Every seventh day, we need rest. This is wisdom. The ancient faithful took hold of this direction and applied it to their lives. It helped them thrive.

In general, I think this is a good plan. Pushing the limits of our bodies must be periodically followed by periods of rest. We cannot always be working. Nor can the land always be worked. It needs extended rest. The principle is that extended rest applies to people and to the land. This will allow God’s shalom to reign.

It is clear we all need rest on a regular basis and we need extended rest on a less frequent basis. The land and animals under our care also need rest.

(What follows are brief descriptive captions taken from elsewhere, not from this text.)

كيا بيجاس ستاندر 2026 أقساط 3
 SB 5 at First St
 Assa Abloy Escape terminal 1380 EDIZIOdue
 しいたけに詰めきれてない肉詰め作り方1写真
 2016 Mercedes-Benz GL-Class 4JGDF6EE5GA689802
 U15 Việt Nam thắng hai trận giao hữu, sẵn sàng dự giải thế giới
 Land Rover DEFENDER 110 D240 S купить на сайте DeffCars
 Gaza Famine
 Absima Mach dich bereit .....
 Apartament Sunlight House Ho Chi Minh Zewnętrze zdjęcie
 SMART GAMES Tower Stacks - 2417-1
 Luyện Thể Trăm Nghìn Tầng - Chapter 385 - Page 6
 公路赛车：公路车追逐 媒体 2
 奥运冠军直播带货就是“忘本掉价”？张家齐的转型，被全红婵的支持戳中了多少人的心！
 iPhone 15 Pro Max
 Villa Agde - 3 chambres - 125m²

We live in times of constant blurred lines between work and home, play and work, recreation and rest. We don’t always see the difference in these concepts. That doesn’t mean the words are meaningless, but simply a challenge. We need to rest. These words of rest may be the most difficult of all biblical words for us and our 24/7 culture to hear. We people love work, we love entertainment, we love to produce.

This morning’s Business section carried a comment about work life: “We are all on call all the time.” I know how I feel when I turn off my cell phone and computer: deprived and detached. Danger signs are apparent in the working world. This is not so good.

What would it take to be a wise person of regular periods of rest and regular periods of extended rest? What will happen if we are always working? Will that life of work bring God’s shalom? I think not.

Work is good and is part of creation, but it can function only with times of rest.

--Fred


Leviticus 25:1-7

1The LORD spoke to Moses on Mount Sinai, saying: 2Speak to the people of Israel and say to them: When you enter the land that I am giving you, the land shall observe a sabbath for the LORD. 3Six years you shall sow your field, and six years you shall prune your vineyard, and gather in their yield; 4but in the seventh year there shall be a sabbath of complete rest for the land, a sabbath for the LORD: you shall not sow your field or prune your vineyard. 5You shall not reap the aftergrowth of your harvest or gather the grapes of your unpruned vine: it shall be a year of complete rest for the land. 6You may eat what the land yields during its sabbath—you, your male and female slaves, your hired and your bound laborers who live with you; 7for your livestock also, and for the wild animals in your land all its yield shall be for food.